● **Activity**
This task asks for the lines from the one with "A Girl reading" to the final line below, repeated exactly, with pictures omitted.

● **Dataset section**
____

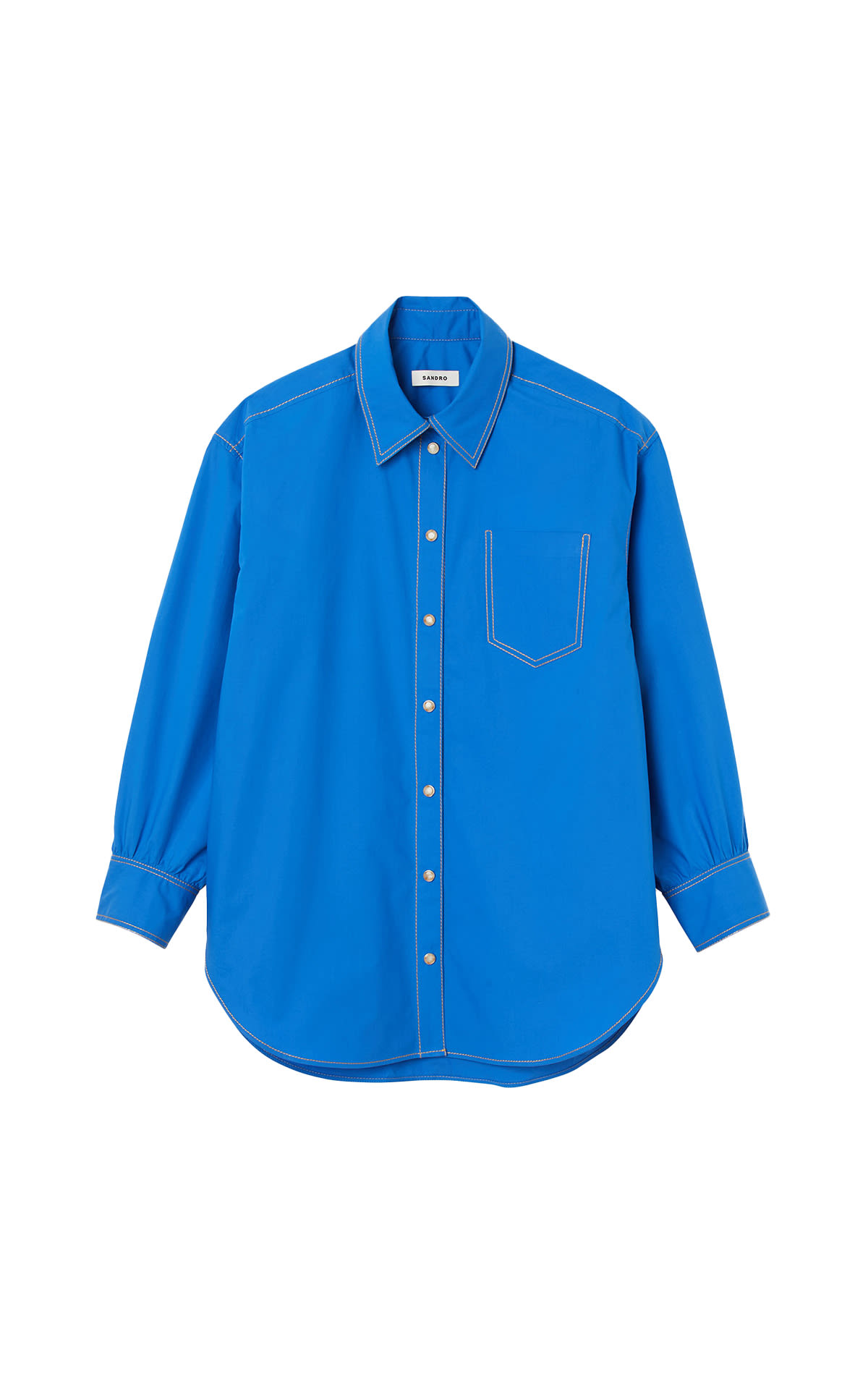 Blue shirt with visible seams Sandro outlet madrid las rozas villalge
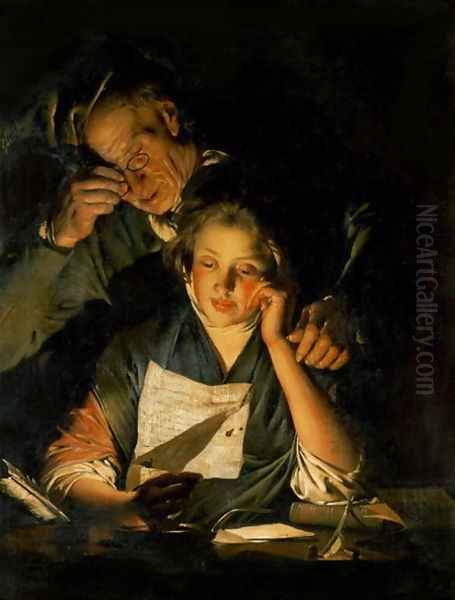 A Girl reading a Letter, with an Old Man reading over her shoulder, c.1767-70 Oil Painting by Josepf Wright Of Derby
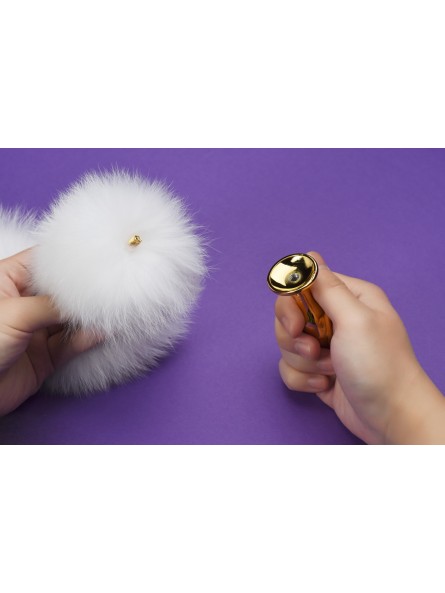 Odczepiany Metalowy Korek Z Lisim Ogonem Upko Fox Fur Tail Small Butt Plug UPKO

____

● **Written response**
 A Girl reading a Letter, with an Old Man reading over her shoulder, c.1767-70 Oil Painting by Josepf Wright Of Derby
 Odczepiany Metalowy Korek Z Lisim Ogonem Upko Fox Fur Tail Small Butt Plug UPKO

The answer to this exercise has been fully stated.